══ Data for this task

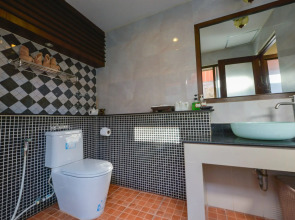 Sita Beach Resort Koh Lipe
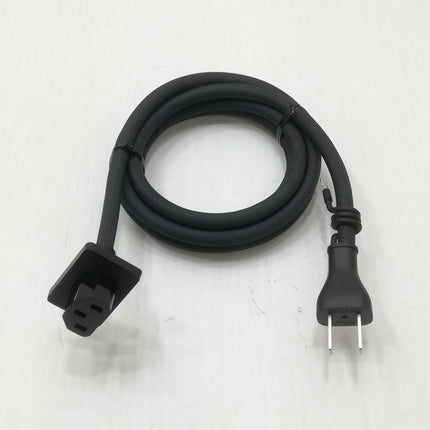 Mac Pro / 2019 / 96GB / 4TB / シルバー / ランク:A / Z0W3 / 【中古品管理番号:38787】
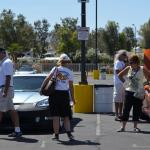 Laughlin_0056 (April 20, 2013)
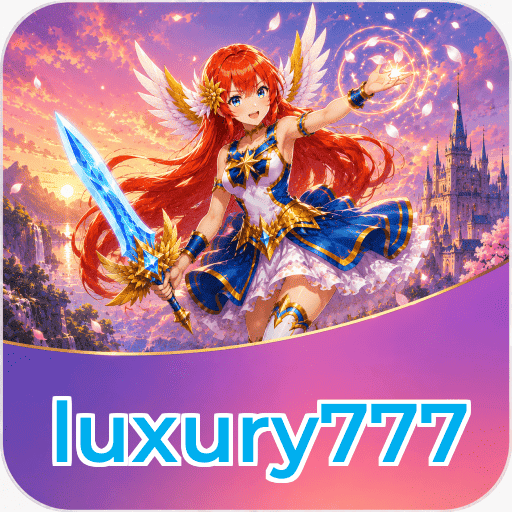 luxury777 Tools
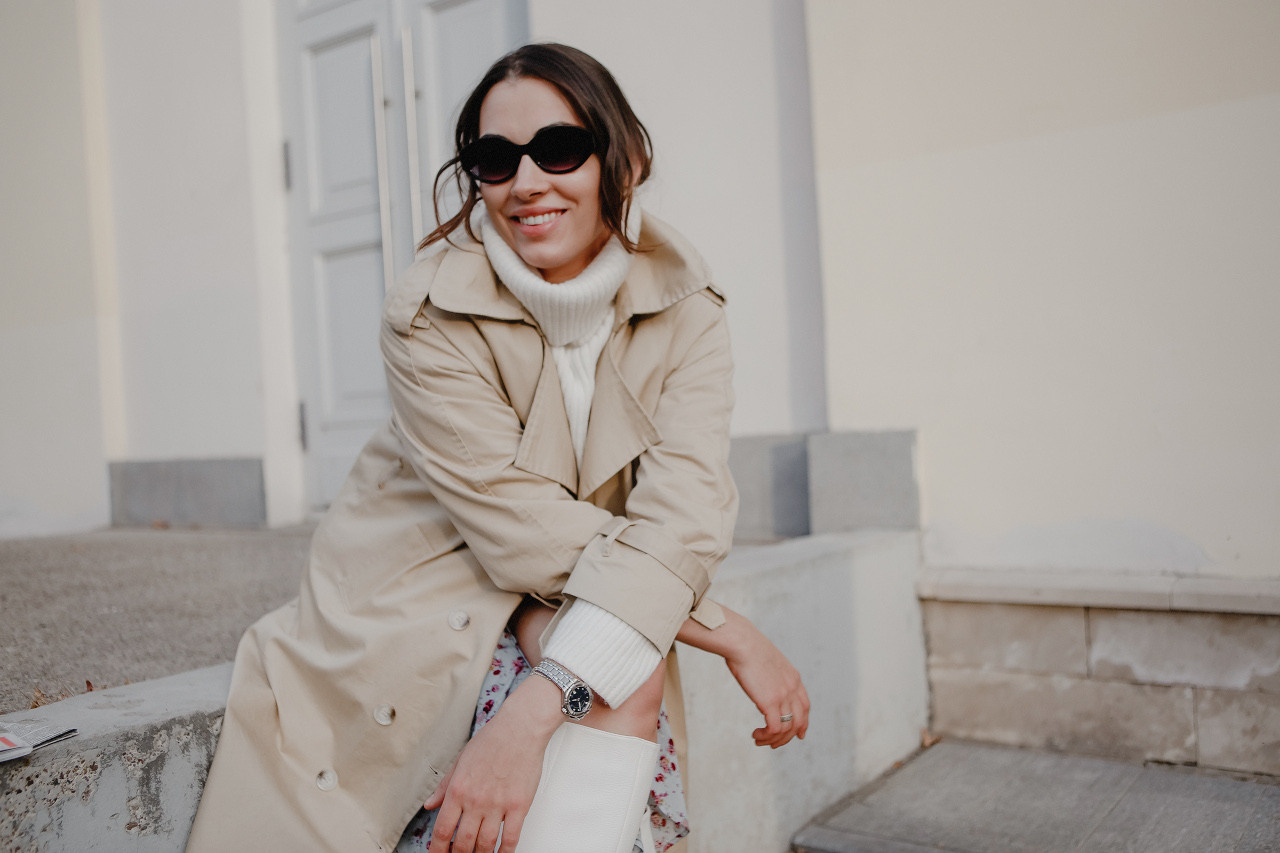 Фотопроект «Shine Bright». Семейный и свадебный фотограф в Нижнем Новгороде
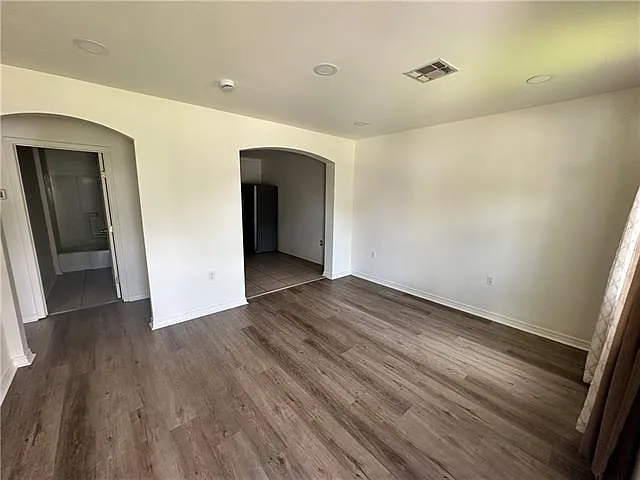 706 Community St — Photo 2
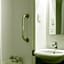 Travelodge Stansted Great Dunmow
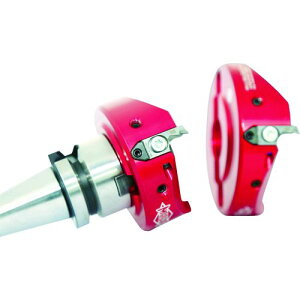 �y���[�݌ɕi�z�u�����v�}�p�[�� CFM901-100-CA27-Z03R-FMC-A Fly�|Cutter�yCFM901�z �A���~���H�p�y�ʌ^�J�b�^�[CFM901100CA27Z03RFMCA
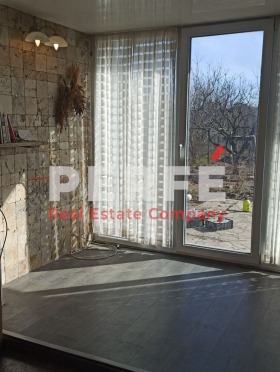 ����� ������� ����,�. ������ �����, ������ ������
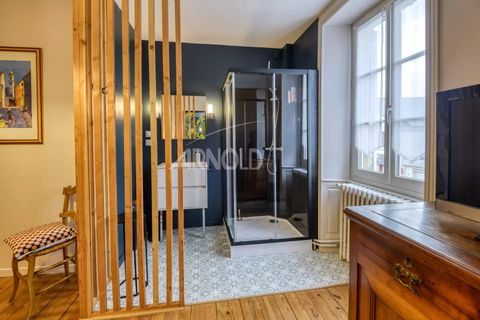 Villa a Missillac, Loire-Atlantique, Missillac - € 490.000 | Ref: 86992464 - foto 14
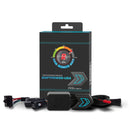 Shiftpower SP26 Throttle Response Controller for Lexus Models 2007-2012 ES350, 2008-2014 ISF, 2006-2013 IS250, 2006-2013 IS350, 2010-2023 GX460, 2007-2017 LS460, 2008-2021 LX570, 2010-2012 HS250h, 2013-2015 RX350, Scion Models 2011-2016 tC, 2008-2014 xB, Toyota Models 2010-2024 4runner, 2009-2013 Corolla, 2008-2022 Landcruiser, 2010-2015 Prius, 2012-2019 Prius C, 2012-2016 Prius V, 2006-2012 Rav4, 2008-2022 Sequoia, 2011-2014 Sienna, 2007-2021 Tundra, 2013-2023 Sedan, 2009-2016 Venza V6, Beat-Sonic USA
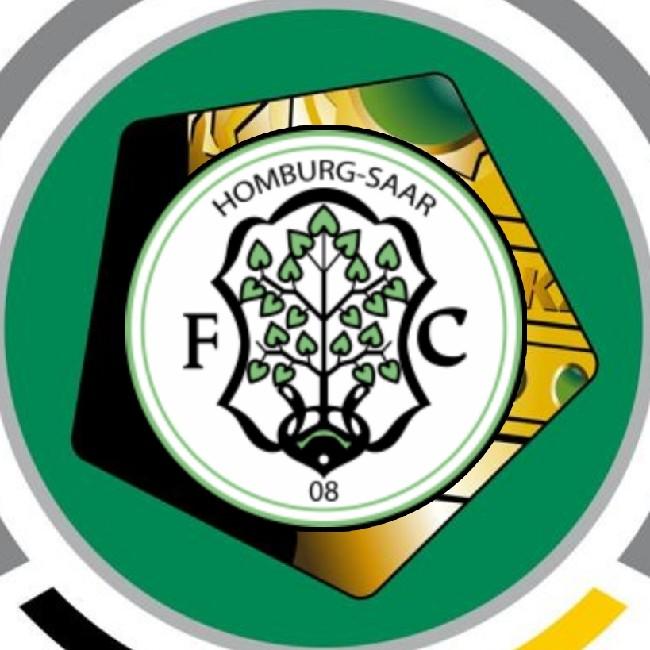 FC Homburg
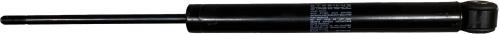 Maypole Overrun Coupling Damper Suitable for ALKO 120SR MP2057 - Maypole2057b_2.jpg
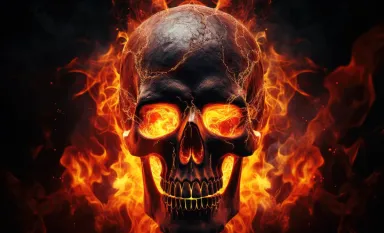 combustion-spontannee-corps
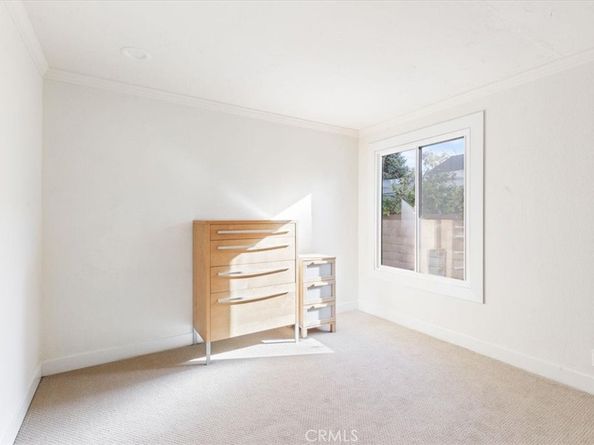 23812 Pesaro, Laguna Hills CA 92653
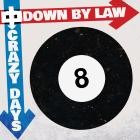 Down By Law-Crazy Days-24BIT-WEB-FLAC-2024-FLACCiD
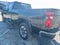 2025 Chevrolet Silverado 3500HD LT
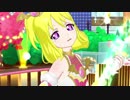 神アイドルレ♡プ！配信者と化したマイキャラ！.mp7
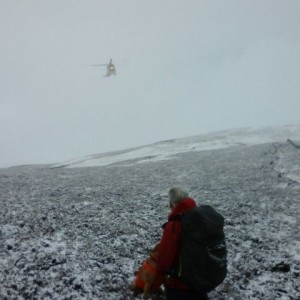 Rescue 999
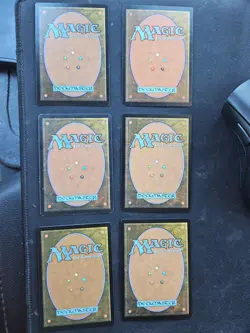 elf / elves lot 2 mtg deal - Image 2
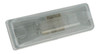 Grote 60301 Auxiliary Light, White, Utility Light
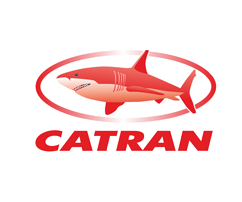 catran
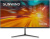 ������� SunWind 21.5" SM-22FV222 FHD VA ������ SM22VB01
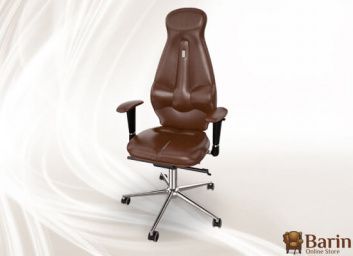 купити Ергономічне крісло GALAXY 1102 121691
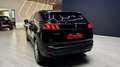 Peugeot 3008 1.5 BlueHDi 96kW (130CV) S&S Active Pack Negro - thumbnail 8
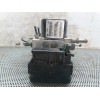 Recambio de abs para chrysler voyager (rg) 3.3 grand voyager limited awd referencia OEM IAM P04721453AD 00402775E200 25093743163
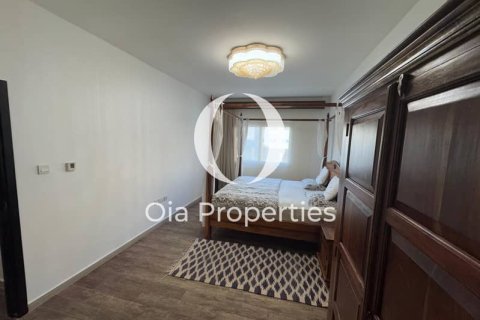 Квартира с 3 спальнями в Al Reef, ОАЭ №98940 8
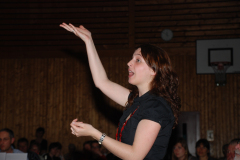 Gemischter-Chor-Pfyn-Unterhaltung-2010-0622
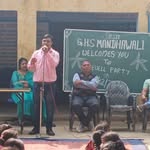 Satish Dhawan - @satishdhawan1011 - Instagram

════

- **Work order**
Beginning with the line where "Peugeot 3008 1.5" appears, restate word for word every line down to the last one in the data, but keep the pictures out.

- **Answer section**
 Peugeot 3008 1.5 BlueHDi 96kW (130CV) S&S Active Pack Negro - thumbnail 8
 Recambio de abs para chrysler voyager (rg) 3.3 grand voyager limited awd referencia OEM IAM P04721453AD 00402775E200 25093743163
 Квартира с 3 спальнями в Al Reef, ОАЭ №98940 8
 Gemischter-Chor-Pfyn-Unterhaltung-2010-0622
 Satish Dhawan - @satishdhawan1011 - Instagram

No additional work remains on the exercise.